_WHAT NEEDS TO BE DONE_
Please return the whole listing word for word.

Start of Block

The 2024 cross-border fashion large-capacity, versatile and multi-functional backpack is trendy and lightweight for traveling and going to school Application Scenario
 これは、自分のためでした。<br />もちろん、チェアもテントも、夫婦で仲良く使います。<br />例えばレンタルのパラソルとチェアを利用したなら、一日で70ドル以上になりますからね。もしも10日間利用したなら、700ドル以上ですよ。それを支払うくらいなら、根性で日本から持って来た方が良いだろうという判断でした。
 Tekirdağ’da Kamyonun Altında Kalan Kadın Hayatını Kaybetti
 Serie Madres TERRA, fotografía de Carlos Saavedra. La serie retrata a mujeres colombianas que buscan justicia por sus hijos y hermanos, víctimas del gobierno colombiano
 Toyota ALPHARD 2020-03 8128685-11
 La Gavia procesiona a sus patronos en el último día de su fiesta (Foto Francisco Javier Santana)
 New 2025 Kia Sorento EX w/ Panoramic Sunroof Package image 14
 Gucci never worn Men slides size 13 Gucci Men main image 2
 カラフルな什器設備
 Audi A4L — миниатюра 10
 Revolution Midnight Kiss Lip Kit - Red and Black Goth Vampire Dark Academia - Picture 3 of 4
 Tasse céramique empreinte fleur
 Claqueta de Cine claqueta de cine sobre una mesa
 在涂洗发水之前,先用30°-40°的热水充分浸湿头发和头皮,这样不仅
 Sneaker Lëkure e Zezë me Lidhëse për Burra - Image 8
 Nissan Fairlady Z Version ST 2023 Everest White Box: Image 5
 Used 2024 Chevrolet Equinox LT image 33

End of Block

_TASK ANSWER_
The 2024 cross-border fashion large-capacity, versatile and multi-functional backpack is trendy and lightweight for traveling and going to school Application Scenario
 これは、自分のためでした。<br />もちろん、チェアもテントも、夫婦で仲良く使います。<br />例えばレンタルのパラソルとチェアを利用したなら、一日で70ドル以上になりますからね。もしも10日間利用したなら、700ドル以上ですよ。それを支払うくらいなら、根性で日本から持って来た方が良いだろうという判断でした。
 Tekirdağ’da Kamyonun Altında Kalan Kadın Hayatını Kaybetti
 Serie Madres TERRA, fotografía de Carlos Saavedra. La serie retrata a mujeres colombianas que buscan justicia por sus hijos y hermanos, víctimas del gobierno colombiano
 Toyota ALPHARD 2020-03 8128685-11
 La Gavia procesiona a sus patronos en el último día de su fiesta (Foto Francisco Javier Santana)
 New 2025 Kia Sorento EX w/ Panoramic Sunroof Package image 14
 Gucci never worn Men slides size 13 Gucci Men main image 2
 カラフルな什器設備
 Audi A4L — миниатюра 10
 Revolution Midnight Kiss Lip Kit - Red and Black Goth Vampire Dark Academia - Picture 3 of 4
 Tasse céramique empreinte fleur
 Claqueta de Cine claqueta de cine sobre una mesa
 在涂洗发水之前,先用30°-40°的热水充分浸湿头发和头皮,这样不仅
 Sneaker Lëkure e Zezë me Lidhëse për Burra - Image 8
 Nissan Fairlady Z Version ST 2023 Everest White Box: Image 5
 Used 2024 Chevrolet Equinox LT image 33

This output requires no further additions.